By MIZUKI ENOMOTO/ Staff Writer
August 24, 2023 at 07:00 JST
TAGAWA, Fukuoka Prefecture—A Ukrainian evacuee here has uploaded a Russian-language video about the atomic bombing of Hiroshima to send a message to supporters of Russian leader Vladimir Putin.
“Please think of Hiroshima when a nuclear attack looks like a good idea to you,” Kateryna Chaplynska, 31, says in the video, which features exhibits at the Hiroshima Peace Memorial Museum.
Putin has threatened to use nuclear weapons in the war against Ukraine. And Chaplynska wants Russians who have supported the invasion to understand the horrors of nuclear warfare.
Chaplynska taught at a beauty school and raised her daughter, now 4, in the midwestern Ukrainian city of Zhytomyr.
With the help of her older sister, who lives in Tagawa, Chaplynska fled to Japan with her daughter in March 2022, immediately after Russia’s invasion started. Her husband has remained in Ukraine.
Chaplynska now works at a strawberry farm in Tagawa.
She visited Hiroshima in autumn last year with her sister and her family. She said she knew about the 1945 atomic bombings against Japan and had always wanted to see Hiroshima.
Chaplynska said she thought she understood the extent of the suffering of the nuclear attacks through history textbooks in Ukraine.
But she said she was so overwhelmed with emotion by the sight of the victims’ mementos at the museum that she had difficulty looking at them.
The mementos included “Shin’s tricycle,” owned by a 3-year-old boy who was killed in the blast. Shin’s father later dug up the tricycle from the family yard.
After her home country was invaded, Chaplynska contacted a childhood friend who lives in Russia. She was taken aback when she learned the friend believed in Putin.

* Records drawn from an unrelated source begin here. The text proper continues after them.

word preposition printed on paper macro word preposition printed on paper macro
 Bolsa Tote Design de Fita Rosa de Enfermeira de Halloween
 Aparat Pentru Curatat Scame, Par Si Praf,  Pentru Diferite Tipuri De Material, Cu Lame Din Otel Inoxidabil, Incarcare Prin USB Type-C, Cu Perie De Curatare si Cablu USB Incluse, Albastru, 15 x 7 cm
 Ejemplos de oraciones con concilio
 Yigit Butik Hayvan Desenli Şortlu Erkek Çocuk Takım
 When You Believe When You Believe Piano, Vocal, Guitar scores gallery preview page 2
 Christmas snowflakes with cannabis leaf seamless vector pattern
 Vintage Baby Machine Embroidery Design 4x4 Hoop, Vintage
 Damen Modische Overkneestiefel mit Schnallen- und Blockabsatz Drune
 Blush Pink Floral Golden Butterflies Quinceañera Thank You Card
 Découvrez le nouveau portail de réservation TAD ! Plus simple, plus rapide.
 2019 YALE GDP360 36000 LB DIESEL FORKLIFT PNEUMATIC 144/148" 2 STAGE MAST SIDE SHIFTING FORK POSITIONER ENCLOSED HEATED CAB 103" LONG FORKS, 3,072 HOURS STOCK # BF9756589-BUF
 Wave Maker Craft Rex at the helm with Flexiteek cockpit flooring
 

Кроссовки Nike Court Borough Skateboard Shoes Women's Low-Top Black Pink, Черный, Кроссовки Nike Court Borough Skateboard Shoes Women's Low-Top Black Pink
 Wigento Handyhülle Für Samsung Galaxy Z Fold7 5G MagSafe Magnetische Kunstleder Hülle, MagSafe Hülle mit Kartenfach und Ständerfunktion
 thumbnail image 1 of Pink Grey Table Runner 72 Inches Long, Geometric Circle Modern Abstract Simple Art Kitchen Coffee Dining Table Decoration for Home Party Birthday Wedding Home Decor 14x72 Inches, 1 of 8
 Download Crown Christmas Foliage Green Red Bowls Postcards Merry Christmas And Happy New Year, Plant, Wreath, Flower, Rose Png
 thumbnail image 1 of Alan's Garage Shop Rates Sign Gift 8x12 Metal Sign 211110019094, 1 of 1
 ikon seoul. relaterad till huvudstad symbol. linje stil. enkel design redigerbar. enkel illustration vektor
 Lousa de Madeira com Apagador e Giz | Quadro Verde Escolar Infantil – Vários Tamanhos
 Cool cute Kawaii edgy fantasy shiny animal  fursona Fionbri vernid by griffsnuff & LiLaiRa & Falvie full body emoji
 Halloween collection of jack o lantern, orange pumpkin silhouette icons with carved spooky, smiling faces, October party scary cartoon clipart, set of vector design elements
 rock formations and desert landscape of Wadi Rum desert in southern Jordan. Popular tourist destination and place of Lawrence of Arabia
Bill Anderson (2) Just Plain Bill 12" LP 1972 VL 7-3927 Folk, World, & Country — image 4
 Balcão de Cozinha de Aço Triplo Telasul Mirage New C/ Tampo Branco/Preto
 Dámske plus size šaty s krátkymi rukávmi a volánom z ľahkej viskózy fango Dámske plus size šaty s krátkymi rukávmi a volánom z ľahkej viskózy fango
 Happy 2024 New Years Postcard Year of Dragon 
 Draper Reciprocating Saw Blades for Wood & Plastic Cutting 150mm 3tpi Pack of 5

Chaplynska said she made the video to encourage Russian supporters of the war to recover their humane feelings by learning about Hiroshima’s suffering.
She enlisted the help of the museum to work out the approximately 15-minute video.
The footage includes a pair of gloves worn by a 12-year-old boy who was seriously burned and died after the blast, a picture showing how victims drank “black rain” to quench their thirst, and a lump of tiles, glass and metal melted together.
Chaplynska’s video also explains how heat rays and radiation from the blast killed so many people instantly, and how survivors continued to suffer from health problems, psychological trauma and discrimination later in their lives.
Toward the end of the video, she addresses “those who support” Russia’s invasion about the possibility of a nuclear war: “You should understand that ... a burnt bicycle would be the only thing that remains of your (own) child.”
Chaplynska said she thought of nuclear warfare as a “thing of a fantasy” until the invasion began.
Her acquaintances in Ukraine continue to join the military as drone pilots and nurses.
She now asks herself if the United States would guarantee a nuclear counterattack if Russia launched a nuclear strike on Ukraine, and if Russia would perhaps rather die in nuclear ash than accept defeat.
“I know it is not easy to change the thoughts of those steeped in propaganda, but I still hope to send them alternative information to the extent I can,” she said.
Chaplynska lit a candle at her home to pray for atomic bomb victims on Aug. 6, the 78th anniversary of the bombing of Hiroshima.
“I believe forgetting is the beginning of a tragedy,” she said.